Thursday, September 3, 2009
Academic Bloggers: How to Present Your Brilliant Ideas?
Location: Real Life Office...Should Be Working in Second Life!
I'm taking a break from slapping up more walls at the House of Usher to consider a reading that I assigned, Dustin M. Wax's short but informative "Nine Signs of an Effective Blog Post." My first-year students are just beginning their first blogs at this blog-client's site.
So many blogs, including this one, contain posts that ramble or do not follow Wax's advice. I began to wonder how Wax's rules might not fully apply to academic bloggers.
My students will be writing, from an academic perspective mostly, about their lives as writers and their use of Web 2.0 technologies and virtual worlds. How do we change Wax's advice under those conditions?
Academics & Blogging
Wax's Point 8 "The post is believable" and Point 9 "The post asks for some action" need a little modification in academic settings.
First, experience has taught me that academics can enjoy the play of language (call it "the sound of their own voices") more than truthfulness.
This does not mean an outright lie (the "Sokal Hoax" excepted). Sometimes the words are more believable or compelling than the truth behind them. This habit leads to larger words, clever and conditional turns of phrase such as "XYZ may be true, yet if ABC were to occur."
As for demanding action, I'm not so sure either, unless "keep reading my blog" counts.
Academic articles usually ask readers to consider an idea in a certain way by presenting the results of research. Now there, I'll grant, is a sort of truth that carries weight in Academia.

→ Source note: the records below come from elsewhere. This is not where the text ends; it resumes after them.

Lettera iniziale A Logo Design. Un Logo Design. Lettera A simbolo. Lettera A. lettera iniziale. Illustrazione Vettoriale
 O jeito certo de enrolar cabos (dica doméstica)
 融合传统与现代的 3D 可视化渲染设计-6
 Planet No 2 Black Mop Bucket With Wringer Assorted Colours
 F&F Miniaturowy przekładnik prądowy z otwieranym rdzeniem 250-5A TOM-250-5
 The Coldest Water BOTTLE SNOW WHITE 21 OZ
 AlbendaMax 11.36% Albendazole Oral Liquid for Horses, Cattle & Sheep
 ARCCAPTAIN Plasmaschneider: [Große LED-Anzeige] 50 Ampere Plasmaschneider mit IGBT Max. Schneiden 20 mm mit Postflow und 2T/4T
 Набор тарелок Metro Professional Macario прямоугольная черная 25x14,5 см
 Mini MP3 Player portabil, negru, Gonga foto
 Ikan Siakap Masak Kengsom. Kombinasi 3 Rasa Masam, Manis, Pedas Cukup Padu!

Wax claims that "Because you do have an action in mind, even if you’re not making it explicit." Some academic writing merely engages in the play of ideas. Many posts at "In a Strange Land" have followed that philosophy for humorous ends (Pappy Enoch's posts) or for sharing the mere beauty and cultural-insights of a setting in virtual worlds (my road-trip entries).
Like most genres of writing, blogs can take many different forms. For instance, my friend Olivia's "Virtually Olivia" is mostly photographs and very little text, yet it is compelling because she is a very talented photographer.
New Genre, New Rhetoric?
It seems so. Blogs are developing a rhetorical style all their own, and it will branch off into many styles over time. Yet the classical appeals of logos (an appeal to reason) and pathos (an appeal to emotion) remain common tactics.
Famous bloggers employ ethos (an appeal based upon one's reputation) as well. For SL, if Tateru Nino, Vint Falken, or Hamlet Au write it, those who know their work tend to give it more credibility than when the brilliant, if cranky, Prokofy Neva pens a similar claim.
I've noted how when Au makes a mistake, he's quick to correct it and make that note right in the blog post with a thank-you to the reader who spotted the error.
That aspect of the rhetoric of blogging likewise has recently developed; when one's blog is as widely read as New World Notes, ethos can be a dangerous thing. We expect Au, Falken, and Nino to be experts on SL. When they slip up, their large readerships catch on quickly.